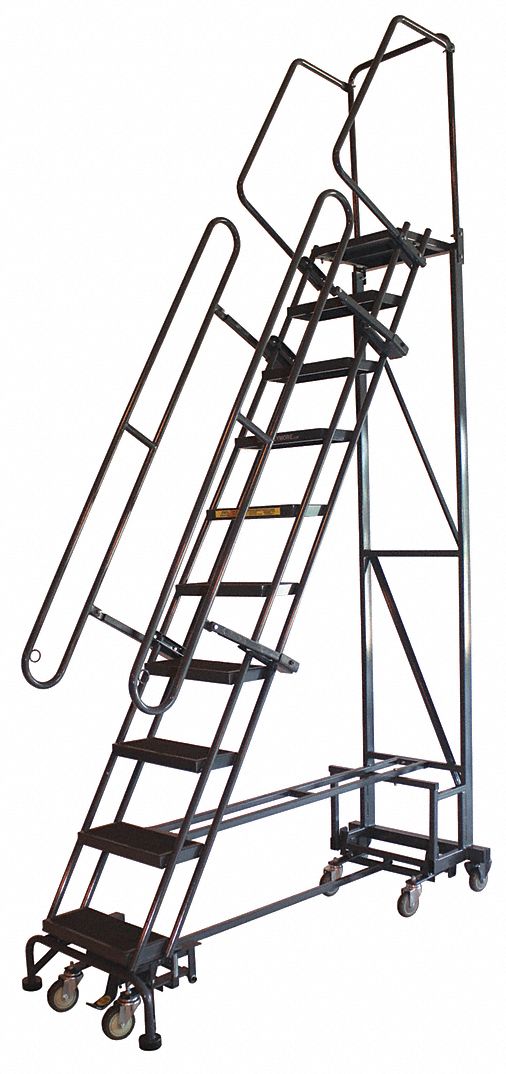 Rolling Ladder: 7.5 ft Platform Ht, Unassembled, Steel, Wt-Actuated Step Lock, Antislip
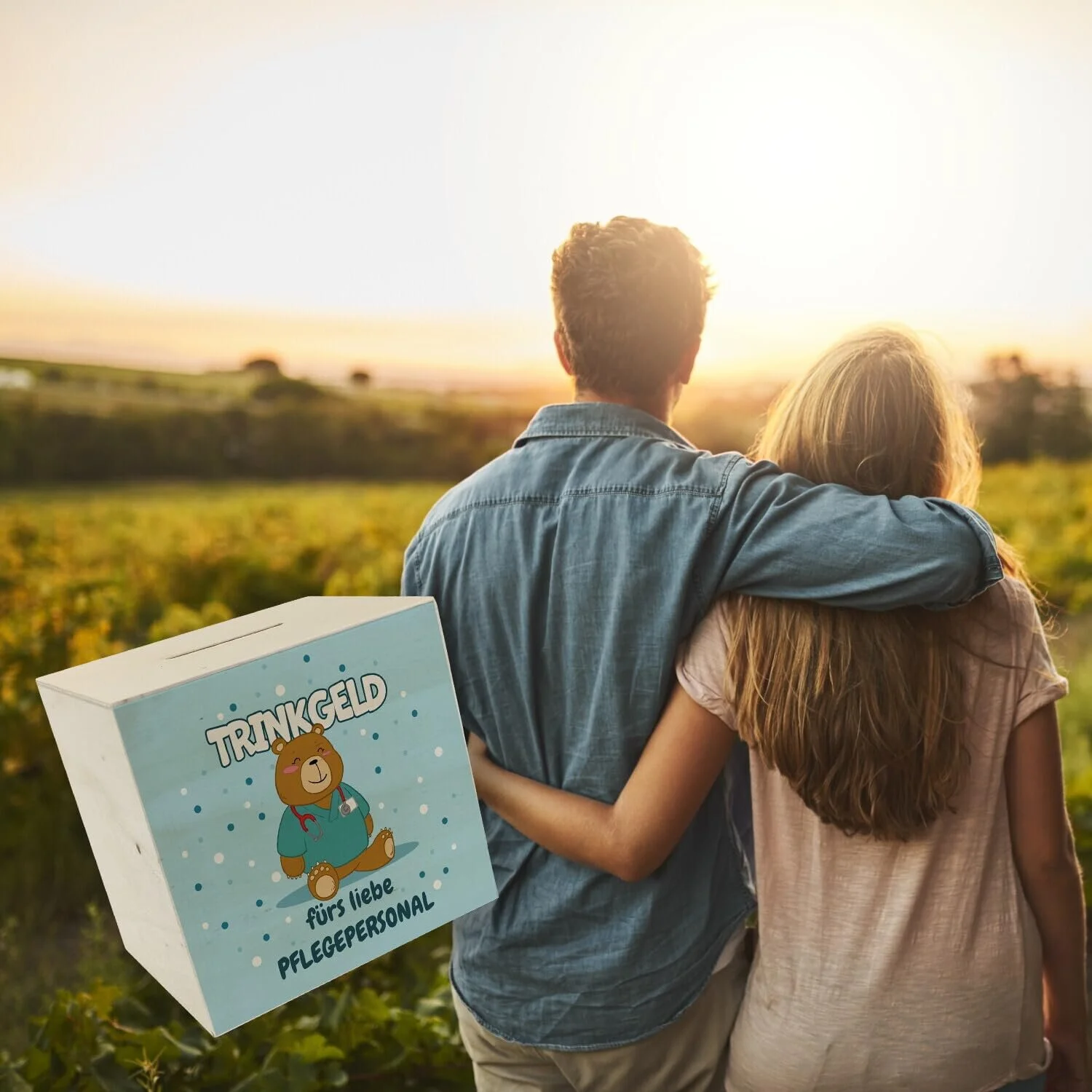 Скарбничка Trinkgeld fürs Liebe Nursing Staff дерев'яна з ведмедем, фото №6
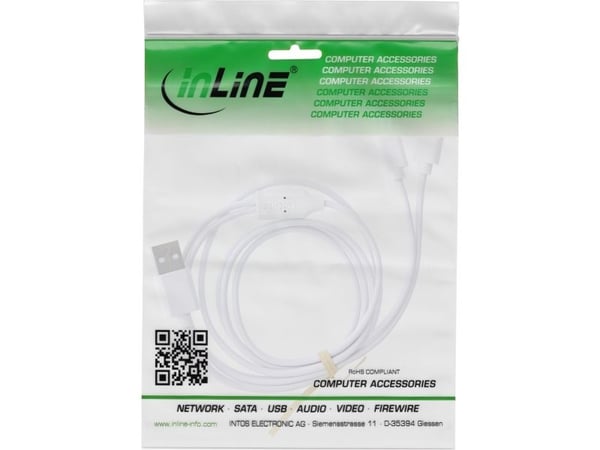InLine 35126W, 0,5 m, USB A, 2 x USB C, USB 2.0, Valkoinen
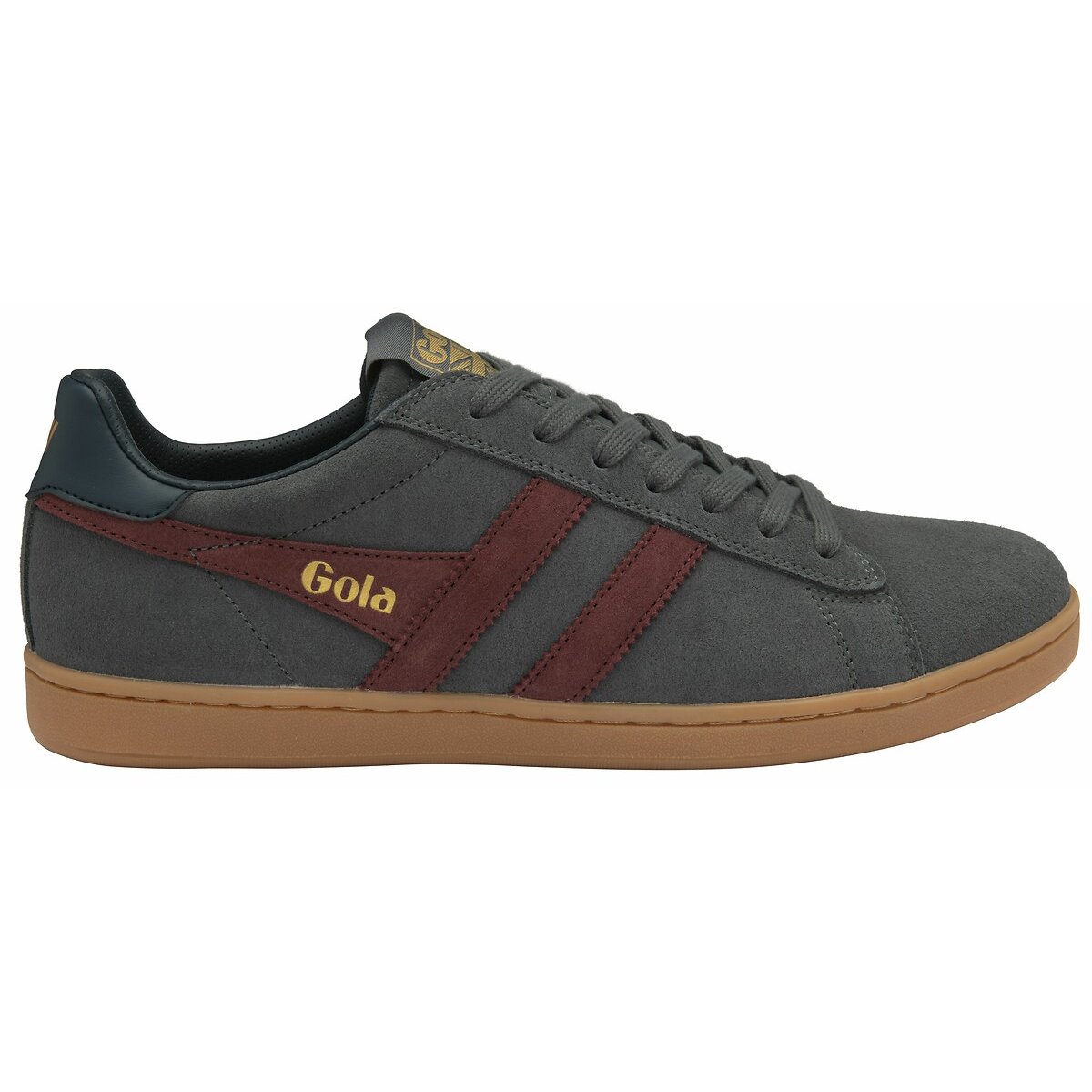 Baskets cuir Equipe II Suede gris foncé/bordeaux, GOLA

Required action
Set out nothing but the lines from the line with "Скарбничка Trinkgeld fürs" through the end of the material, reproduced exactly, both ends included, pictures omitted.

Result for this task
 Скарбничка Trinkgeld fürs Liebe Nursing Staff дерев'яна з ведмедем, фото №6
InLine 35126W, 0,5 m, USB A, 2 x USB C, USB 2.0, Valkoinen
 Baskets cuir Equipe II Suede gris foncé/bordeaux, GOLA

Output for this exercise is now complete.